Professor Muscatelli's figures are smoke and mirrors - a flawed methodology for a number of reasons. And one of the most important - a point that Professsor Muscatelli does not mention - is the fact that the new methodology does not count income from contributions (£1,539.6million - enough for all the pensions in payment). Up until now the USS (like other pension schemes) has worked perfectly sustainably as a collective fund on a money-in-money-out basis. But this principle is now to be banned for reasons that can only be described as ideological: it is collectivist. The result of that will mean that this hole of £1.5billion per year has now to be filled which will mean members having to pay twice during the transition period for the retired members on the old pay-as-you-go basis and for themselves on the new fully funded basis.
Yours sincerely
Dennis Leech
Professor of Economics
University of Warwick
Coventry CV4 8UW
d.leech@warwick.ac.uk
www2.warwick.ac.uk/fac/soc/economics/staff/faculty/leech
(+44)(0)2476523047
November 07, 2013
Society is not a Ponzi scheme
The Times Higher have published my letter commenting on their article last week about the 'black hole' in the USS. When considered as an ongoing SOCIAL institution rather than in purely financial terms the black hole disappears and the picture looks different. My comments are about pension schemes in general not only the USS.

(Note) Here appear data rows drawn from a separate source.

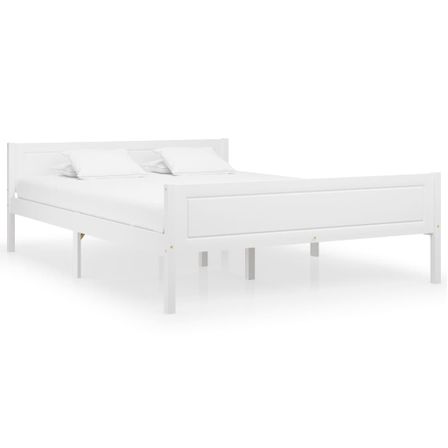 Lit Bois de pin massif Blanc 120x200 cm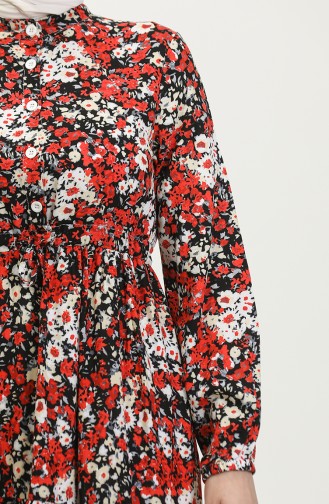 İlkbahar Yarım Düğmeli Çiçek Desenli Elbise 0361-02 Kırmızı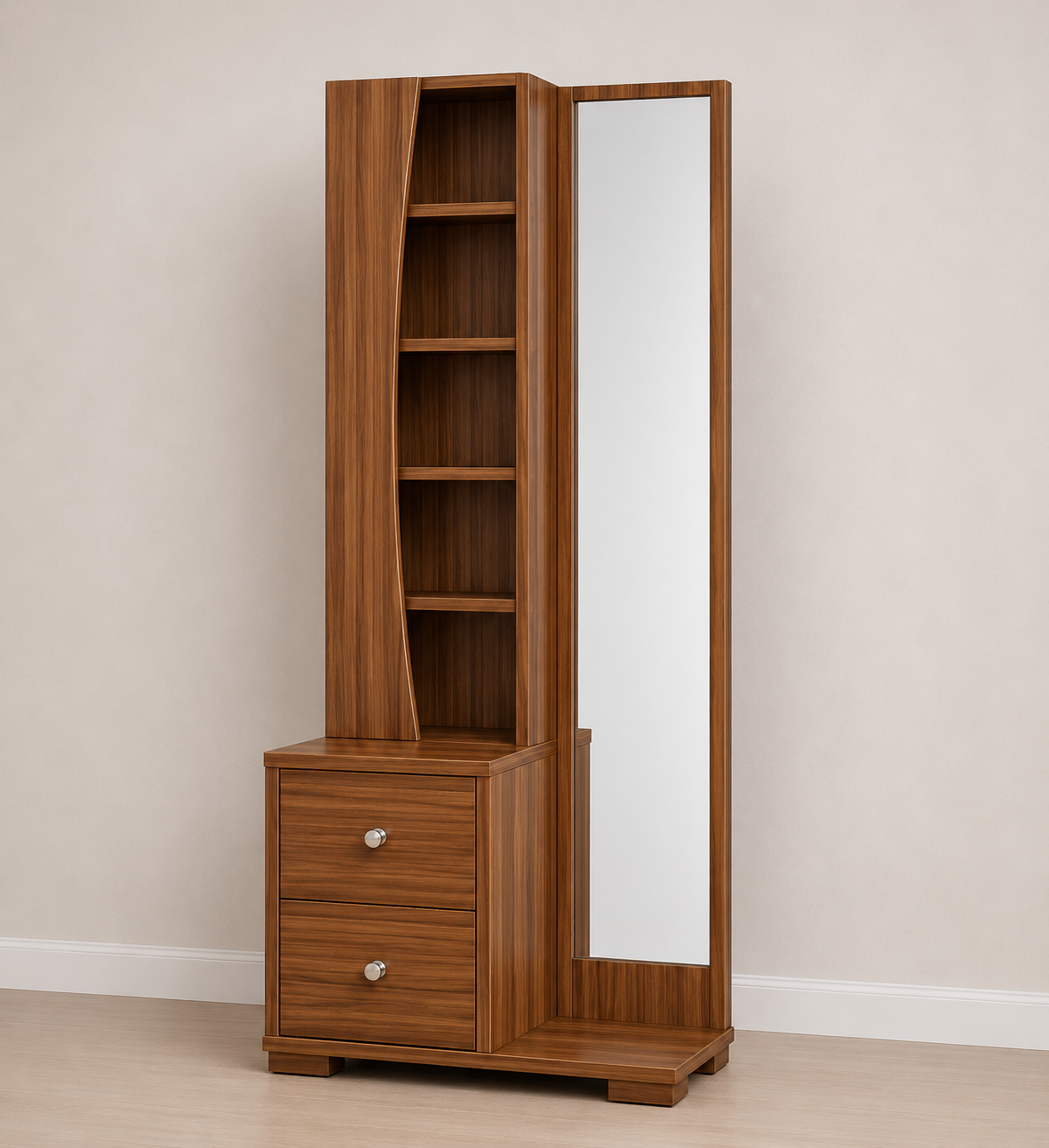 Picture of FurniQ Furniture Dressing Table, Dressing Table with Mirror, Vanity Table, Bedroom Dressing Table, 2 Drawer Dressing Table, Dressing Table with Shelves, Makeup Table, Melamine Board Furniture, 30 W × 12 D × 70 H Inches | FurniQ Furniture
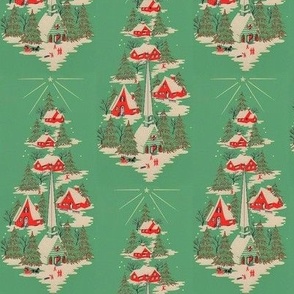 Retro Christmas Tree Village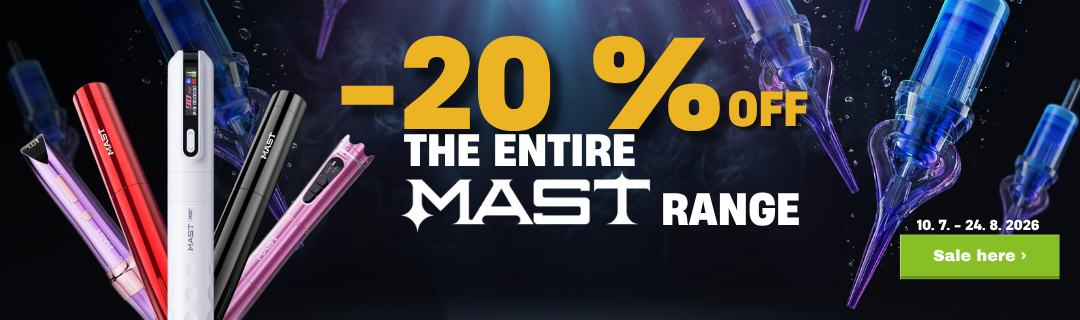 20% discount on the entire brand of Mast tattoo machines and cartridges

The original title of my letter was 'Society is not a Ponzi scheme' referring to the comments of a so-called pensions expert John Ralfe, who is someone who believes that pensions should be administered according to the purest maxims of neoliberal economics - as if all markets functioned perfectly at all times and all human beings were omniscient. Ralfe is an active campaigner who rejects the actuarial principles on which pension schemes are normally run, whereby it is normal to count contributions coming in from members to help towards paying pensions, as a 'Ponzi scheme'. This is convoluted logic with so many flaws there is not space or time here to cover them all. (The market cannot know how long human beings might live in the future, once they have retired, for example.) Market based solutions like this are so unrealistic they can never replace the role of society.
Ralfe is a self-style expert and an zealous campaigner for this neoliberal world view. See this report in the Financial Times.
There are many people pushing neoliberal politics. It is an ongoing legacy of Thatcherism. What is frightening is that they are not just being debated in the political space but actually being implemented in the field of pensions under our noses. We are sleepwalking into a tragedy where - because an impractical ideology has been allowed to go unchallenged - many millions will end up with an inadequate income in retirement or not be able to retire.